> **WORK ORDER**
Each line below needs to be returned exactly. Skip any picture.

> **DATASET EXTRACT**
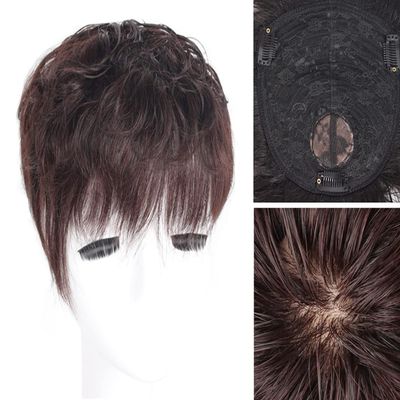 15x14cm Short Curly Human Hair Topper for Women Invisible Real Human Hair Pieces for Large Area Hair Loss/White Hair Off Black. (Off Black)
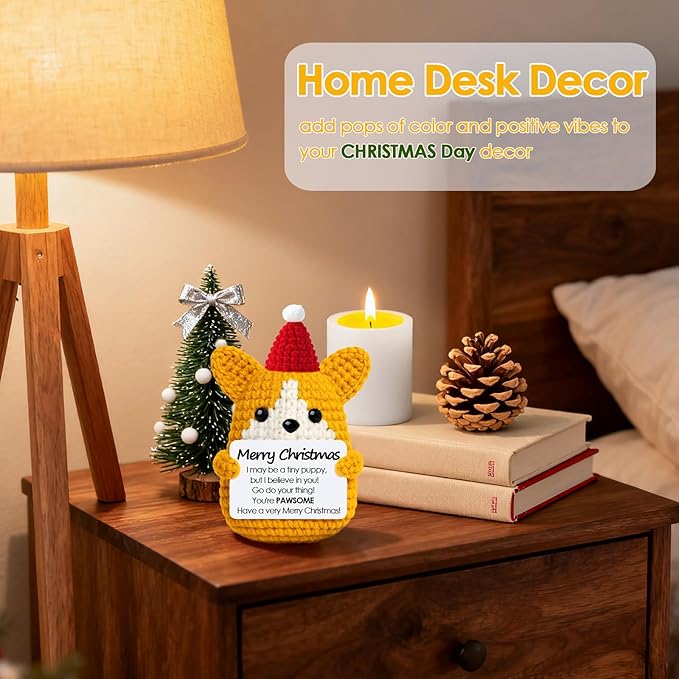 Funny Positive Christmas Corgi Dog Gifts for Women Men Grandkids, Stocking Stuffers for Teen, Inspirational Mini Dog Cute Stuff Things, Handmade Emotional Positive Crochet Puppy Decorations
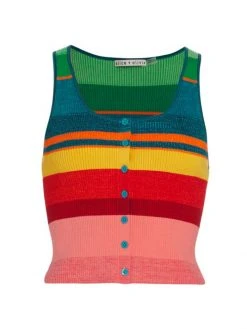 Alice + Olivia Daryn Striped Knit Tank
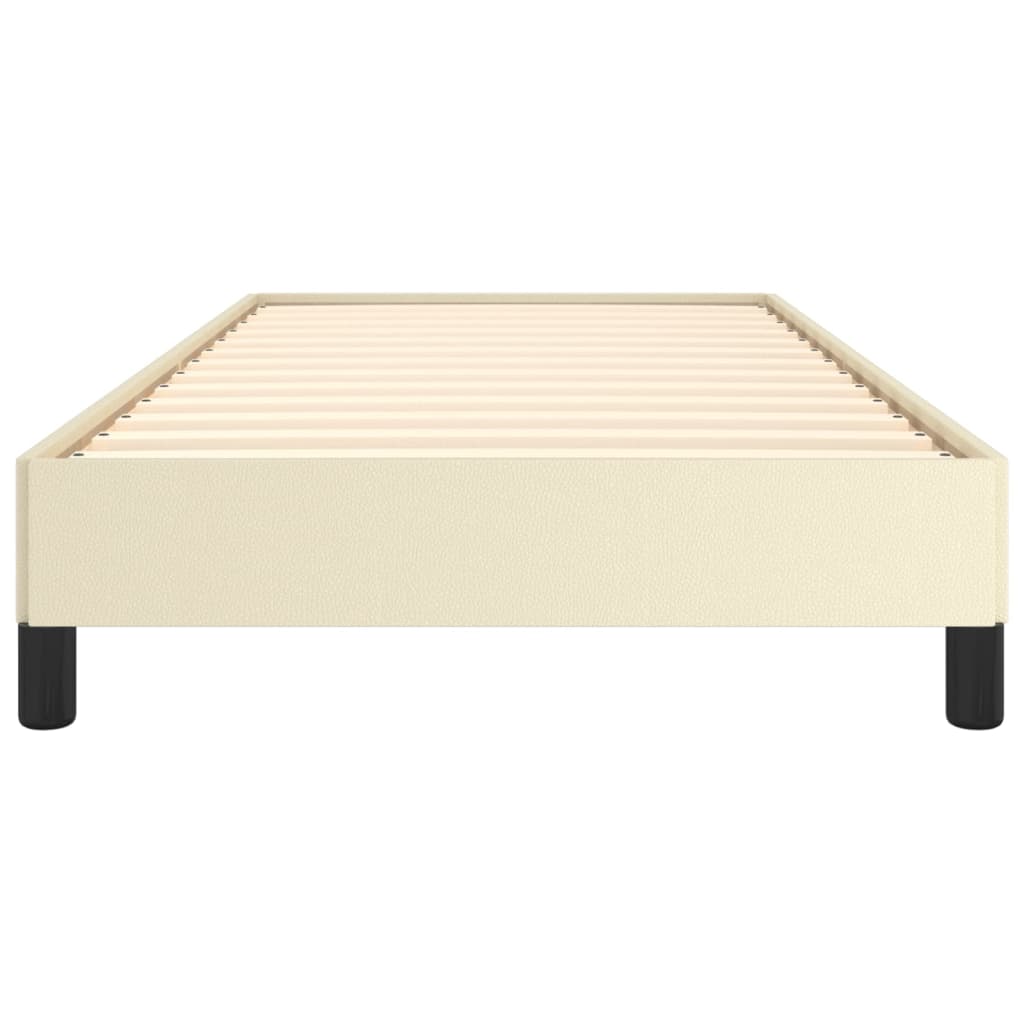 Bettgestell Creme 90x200 cm Kunstleder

> **EXPECTED ANSWER**
 15x14cm Short Curly Human Hair Topper for Women Invisible Real Human Hair Pieces for Large Area Hair Loss/White Hair Off Black. (Off Black)
 Funny Positive Christmas Corgi Dog Gifts for Women Men Grandkids, Stocking Stuffers for Teen, Inspirational Mini Dog Cute Stuff Things, Handmade Emotional Positive Crochet Puppy Decorations
 Alice + Olivia Daryn Striped Knit Tank
 Bettgestell Creme 90x200 cm Kunstleder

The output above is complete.